__WORK INSTRUCTION__: Give again, word for word, every line below from the one that has "A swag made" through the one that has "Three quarter view", both included, and no others.

____ RECORDS TO PROCESS

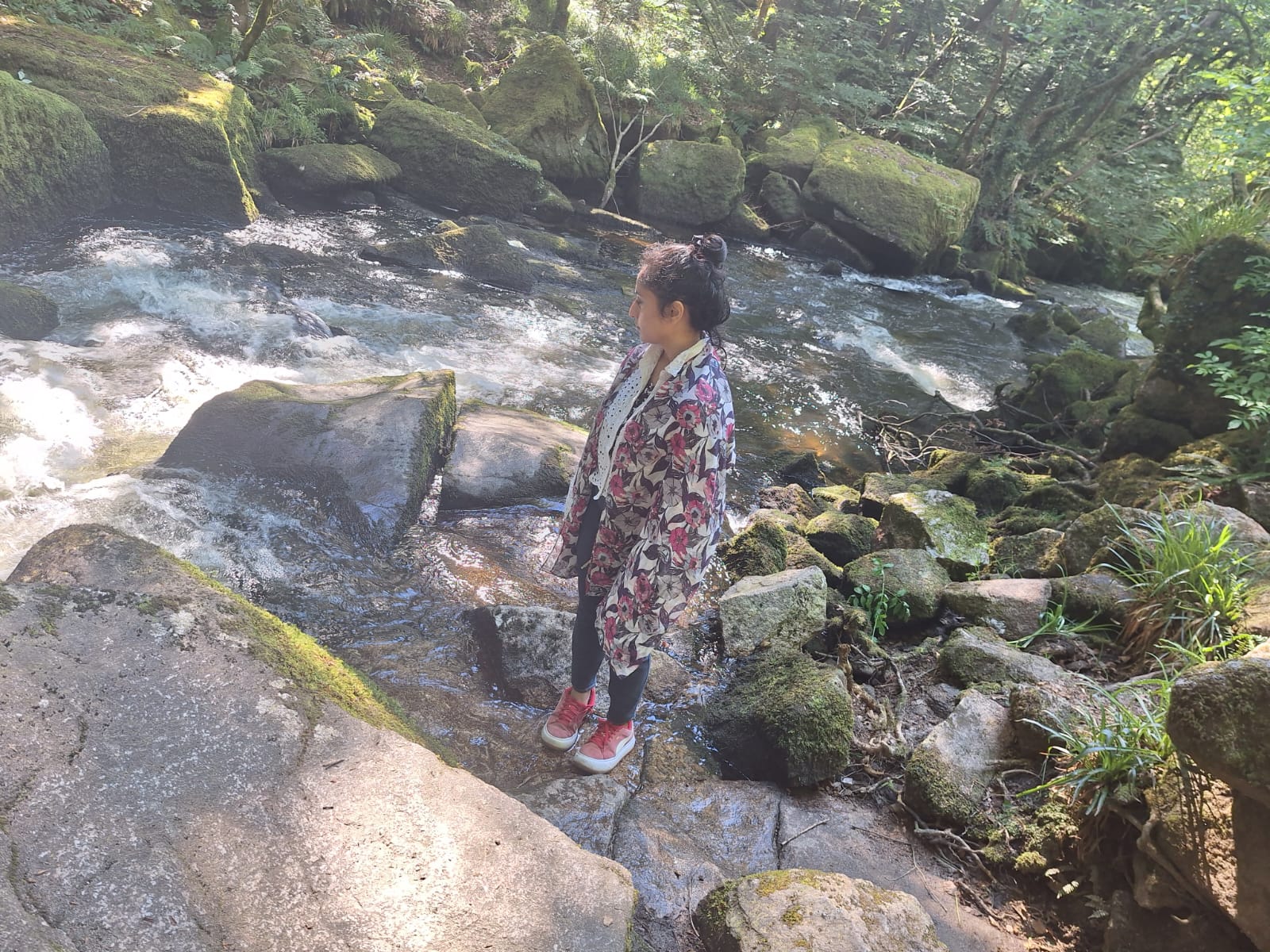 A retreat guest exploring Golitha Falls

________
____ RECORDS TO PROCESS

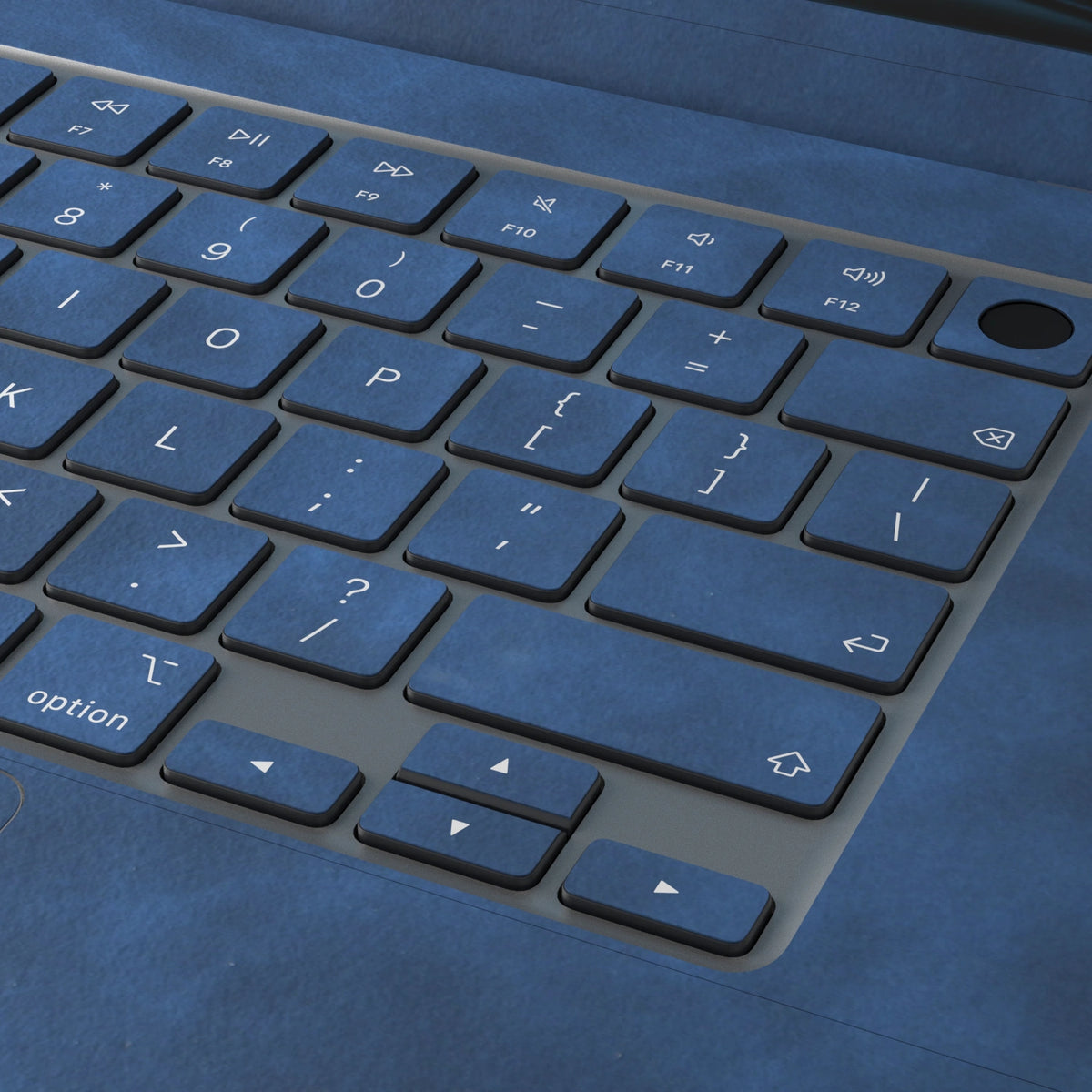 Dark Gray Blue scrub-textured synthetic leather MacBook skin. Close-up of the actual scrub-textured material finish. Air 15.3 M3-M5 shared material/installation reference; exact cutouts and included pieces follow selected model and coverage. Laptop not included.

________
____ RECORDS TO PROCESS

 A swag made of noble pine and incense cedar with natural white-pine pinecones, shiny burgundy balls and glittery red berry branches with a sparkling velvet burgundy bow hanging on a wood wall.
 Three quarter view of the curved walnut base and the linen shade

________

__THE ANSWER__:
 A swag made of noble pine and incense cedar with natural white-pine pinecones, shiny burgundy balls and glittery red berry branches with a sparkling velvet burgundy bow hanging on a wood wall.
 Three quarter view of the curved walnut base and the linen shade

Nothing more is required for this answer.